Alex menuturkan, penerimaan gratifikasi itu diduga pada periode 2012-2022. Penerimana gratifikasi itu diduga terjadi ketika Andhi Pramono menduduki beberapa posisi mulai dari Penyidik Pegawai Negeri Sipil (PPNS) hingga menjadi pejabat eselon III di Direktorat Jenderal Bea dan Cukai dengan posisi terakhir Kepala Kantor Pengawasan dan Pelayanan Bea dan Cukai (KPPBC) Makassar.

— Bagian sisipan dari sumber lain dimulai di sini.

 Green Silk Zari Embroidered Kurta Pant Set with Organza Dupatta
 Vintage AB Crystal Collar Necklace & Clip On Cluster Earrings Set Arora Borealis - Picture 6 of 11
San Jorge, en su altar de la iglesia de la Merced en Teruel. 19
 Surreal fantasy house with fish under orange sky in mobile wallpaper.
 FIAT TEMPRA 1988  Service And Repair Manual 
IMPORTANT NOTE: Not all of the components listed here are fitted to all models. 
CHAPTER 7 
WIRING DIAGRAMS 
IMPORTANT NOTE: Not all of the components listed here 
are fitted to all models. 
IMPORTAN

Ia diduga memanfaatkan jabatan untuk bertindak sebagai broker dan memberikan rekomendasi bagi pengusaha yang bergerak di bidang ekspor impor sehingga dapat dipermudah dalam melakukan aktivitas bisnisnya.
Dari rekomendasi dan tindakan broker yang dilakukan, ia diduga menerima imbalan sejumlah yang dalam bentuk fee.

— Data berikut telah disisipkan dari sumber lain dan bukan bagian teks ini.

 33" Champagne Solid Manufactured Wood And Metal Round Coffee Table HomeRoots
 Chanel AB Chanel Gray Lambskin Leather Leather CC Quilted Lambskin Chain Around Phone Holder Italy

Ia pun dijerat dengan Pasal 12B Undang-Undang Nomor 31 Tahun 1999 atas perbuatannya sebagaimana telah diubah dengan Undang-Undang Nomor 20 Tahun 2001 tentang Pemberantasan Tindak Pidana Korupsi, juncto Pasal 55 ayat 1 ke-1 KUHP.
Ia juga disangkakan dengan pasal 2 ayat 1 dan pasal 3 Undang-Undang Nomor 8 Tahun 2010 tentang Pencegahan dan Pemberantasan Tindak Pidana Pencucian Utang (TPPU).
KPK Bakal Selisik Keterlibatan Keluarga
Sebelumnya, Komisi Pemberantasan Korupsi (KPK) menyatakan bakal mendalami keterlibatan pihak keluarga mantan Kepala Bea Cukai Makassar Andhi Pramono dalam kasus dugaan penerimaan gratifikasi dan tindak pidana pencucian uang (TPPU). KPK menduga keluarga mengetahui pidana Andhi Pramono.
"Tentu hal itu akan didalami oleh penyidik, sejauh mana peran dari istri maupun anak dalam melakukan pencucian uang itu," ujar Wakil Ketua KPK Alexander Marwata dalam keterangannya, Sabtu (8/7/2023).
Alex memastikan, KPK akan mendalami pencucian uang pasif yang dilakukan istri dan anak Andhi Pramono. Diketahui, istri Andhi, Nurlina Burhanuddin sempat diperiksa berbarengan dengan penahanan Andhi Pramono pada Jumat, 7 Juli 2023.
"Tidak tertutup kemungkinan bahwa keluarga kalau dari awal dia sudah mengetahui atau patut diduga mengetahui dan secara aktif ikut dalam skenario untuk melakukan pencucian uang, itu juga bisa kita kenakan," kata Alex.
Komisi Pemberantasan Korupsi (KPK) menahan mantan Kepala Kantor Bea Cukai Makassar Andhi Pramono. Andhi ditahan usai diperiksa sebagai tersangka kasus dugaan penerimaan gratifikasi dan tindak pidana pencucian uang (TPPU) di Direktorat Jenderal Bea Cukai Kementerian Keuangan (DJBC Kemenkeu).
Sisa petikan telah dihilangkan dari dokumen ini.